The primary cause of these excess fumes can be traced back to heavy-duty vehicles, such as commercial trucks and buses, which account for 76% of the problem.

The findings reveal major inconsistencies between what vehicles emit during testing and what they emit in the real world, due to testing inefficiencies, maintenance inadequacies and other factors.

Susan Anenberg, co-lead author of the study, said: “The consequences of excess diesel NO emissions for public health are striking.

“Tighter vehicle emission standards coupled with measures to improve real-world compliance could prevent hundreds of thousands of early deaths from air pollution-related diseases each year,”

They assessed 30 studies of vehicle markets, representing 80% of new diesel vehicle sales in 2015, including Australia, Brazil, Canada, China, the European Union, India, Japan, Mexico, Russia, South Korea, and the United States.

Air pollution in Europe is causing nearly half a million premature deaths every year, according to a 2016 report from the European Environment Agency.
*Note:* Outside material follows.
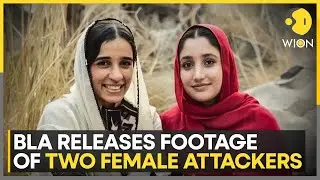 Baloch Militant Group Releases Photos of Two Female Suicide Attackers | WION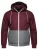 Ombre Tussenjas ‘Om-Janp-0242’  grijs / bordeaux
The EEA released their annual report in November last year, for the 28 European Union member states, and warned that despite a general trend of improvement, the toxicity of the air is still killing 467,000 people annually.

The World Health Organisation, in 2016, said that 92% of the world’s population lives in places where air quality levels exceed WHO safety limits

They also claim that some three million deaths a year are linked to exposure to outdoor air pollution.